Por: Ana Teresa Solá Riviere
El martes, 17 de marzo, a las 9:00 a. m. las calles estaban vacías con excepción de unos cuantos carros transitando de un lado a otro, evitando encontrar una patrulla con sirenas encendidas en el reflejo de su retrovisor. Desvelada desde las siete de la mañana, me dió con salir un rato después de tragar la taza de café con leche. Me puse los leggings, una gorra que era de Papi antes de un tumbe que hice, me puse las chancletas playeras, y por la puerta de la marquesina me fugué.
La farmacia que queda a cinco minutos de la casa, a sorpresa, no estaba repleto de caos ni filas simulando serpientes por los pasillos; la clientela regular del día a día entraba, buscaba los productos, pagaba y fuera de nuevo al estacionamiento para regresar a sus hogares.
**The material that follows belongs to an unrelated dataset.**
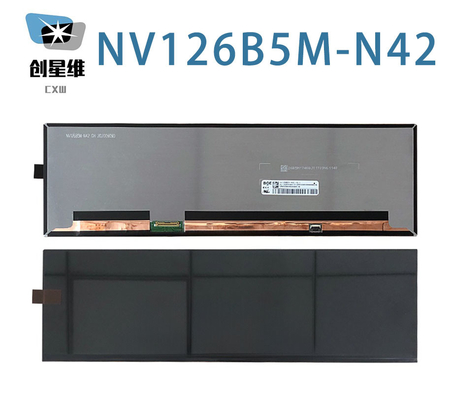 NV126B5M-N42 BOE 12.6&quot; 1920 ((RGB) × 515 400 cd/m2 산업용 LCD 디스플레이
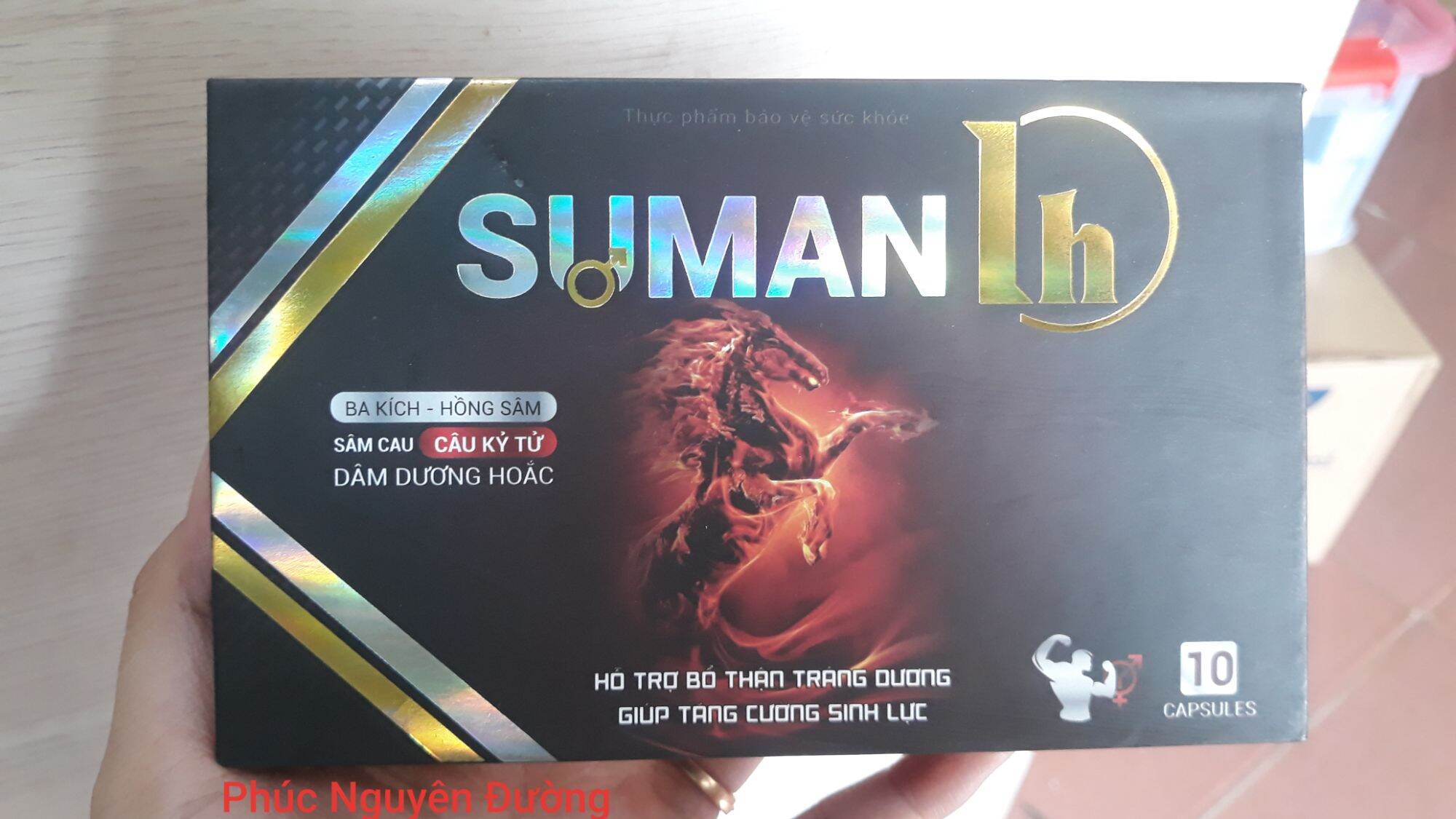 SuMan 1h - cải thiện chức năng sly nam giới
Entré al negocio, me tardé 20 minutos y gasté $22 entre jabón de cara, cinta adhesiva de doble cara y una caja de cuatro bombillas LED.
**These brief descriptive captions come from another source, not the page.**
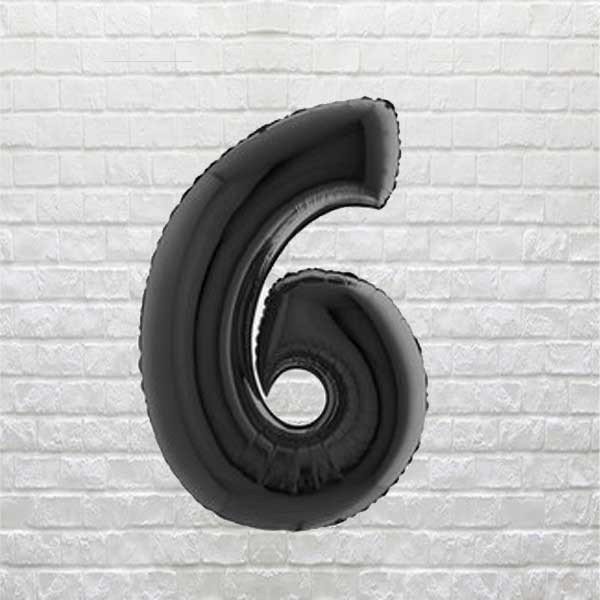 Black Birthday Number 6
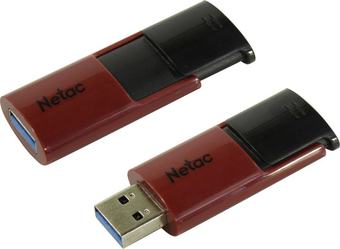 USB Flash Netac 128GB USB 3.0 FlashDrive Netac U182 Red - фото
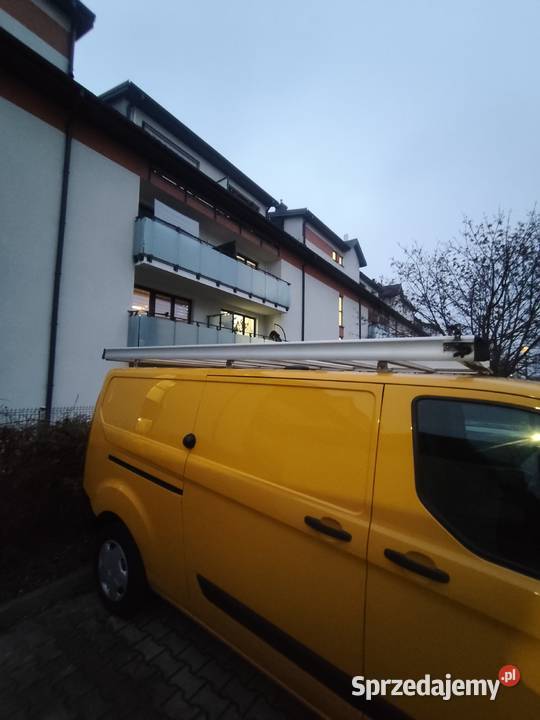 Platforma dachowa bagażnik Ford Transit Custom Warszawa sprzedam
Crucé miradas con un teniente uniformado de azul marino y cielo, y procuré de no levantar sospecha. Me saludó con unos ‘buenos días’ el señor oficial, y le respondí con una sonrisa sencilla y un saludo afirmativo con la cabeza.
Llegué al carro con la bolsa de papel traza en mano, me monto, enciendo el motor y viro el trayecto hacia la casa vuelta jaula por el tercer día corrido. Se escucha por la casa el ruido de los trastes y agua corriendo del grifo, mi hermana desde una esquina de casa riéndose por algún TikTok y mi abuela hablando en Créole con su enfermera para no revelar el bochinche imaginario, proveído por la creatividad de su Alzheimer’s. A las cinco de la tarde, a cambio de un gallo, está la Pitbull del vecino anunciando el acercamiento del toque de queda para toda la Calle Ponce. Ya desde las nueve de la noche, el silencio de la carretera abre espacio para los coquíes canten buenas noches.
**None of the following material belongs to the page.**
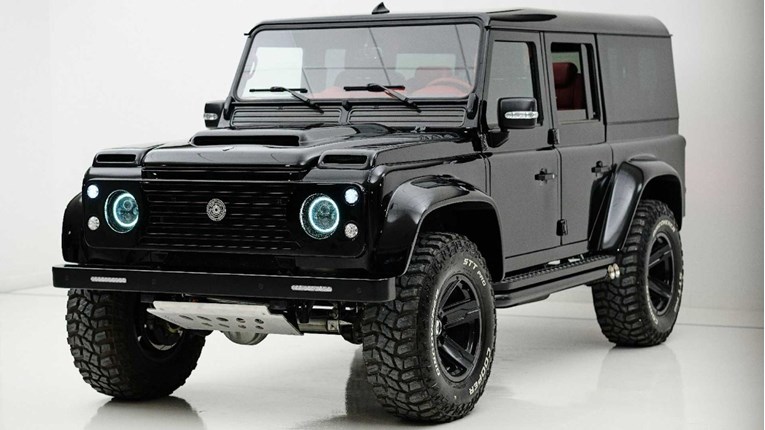 Slavni Land Rover je postao luksuzni terenac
Ya hoy, día seis de la cuarentena, los días se derriten y poco a poco, se pierde la noción del tiempo, reduciendo el calendario a palitos marcando el paso de cada 24 horas. El mundo jaló la palanca de emergencia y detuvo toda producción capitalista, hundiendo el precio de la gasolina y dejando caer precios de boletos de aerolíneas, tentando a cualquiera comprar una salida sin regreso a $50. Todos sufren estando enclaustrados: tanto como los extrovertidos como los introvertidos. Impidiendo el contacto social y la libertad de salir por tiempo prolongado agobia al extrovertido, no poder pisar arena cuando plazca o rallar la pista de la disco con sus panas cuando brillen las estrellas. El introvertido pudo haber disfrutado esos primeros dos días de “casa, dulce casa”, pero cada vez más se vuelve más profundo el vaso de pensamientos inconscientes, siendo más difícil de salir a la superficie y hablar con alguien más.
No vale la pena comparar esto con el paso de los meses después de María, aquello fue aislamiento total. Ahora, tocando madera, por lo menos tenemos luz y señal. Pero, el claustro se siente igual de pesado, igual de agobiante; no se puede perder la voluntad a seguir. Apague los aparatos electrónicos, y coge un libro, pinta o escribe. Levántese de la cama, arregla las sábanas y salga del cuarto, coga vitamina D desde la terraza o la ventana. Planifica tus meriendas y comidas, o coge un momento de la tarde para mover el esqueleto. Volvamos a ser niños pasando los veranos en casa buscando cosas que hacer, cosas que romper y luego arreglar.